Artefact-removal algorithms for Fourier domain Quantum Optical Coherence Tomography

TL;DR

This paper introduces two novel algorithms for removing artefacts in Fourier-domain Quantum Optical Coherence Tomography, enhancing image clarity by processing joint spectrum data, with demonstrated effectiveness on simulated data.

Contribution

The paper presents the first artefact-removal algorithms specifically designed for Fourier-domain Q-OCT, addressing a key limitation of the modality.

Findings

Algorithms successfully reduce artefacts in simulated data

Theoretical analysis of algorithm performance and limitations

Discussion of practical constraints for experimental implementation

Abstract

Quantum Optical Coherence Tomography (Q-OCT) is a non-classical equivalent of Optical Coherence Tomography and is able to provide a twofold axial resolution increase and immunity to resolution-degrading dispersion.
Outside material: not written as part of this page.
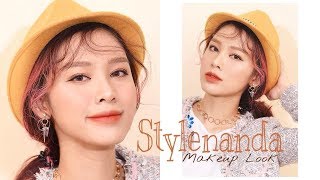 STYLENANDA makeup look  SWATCH amp REVIEW 3CE ON amp ON [upl. by Enylodnewg893]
The main drawback of Q-OCT are artefacts which are additional elements that clutter an A-scan and lead to a complete loss of structural information for multilayered objects. Whereas there are successful methods for artefact removal in Time-domain Q-OCT, no such scheme has been devised for Fourier-domain Q-OCT (Fd-Q-OCT), although the latter modality - through joint spectrum detection - outputs a lot of useful information on both the system and the imaged object. Here, we propose two algorithms which process a Fd-Q-OCT's joint spectrum into an artefact-free A-scan. We present the theoretical background of these algorithms and show their performance on computer-generated data. The limitations of both algorithms with regards to the experimental system and the imaged object are discussed.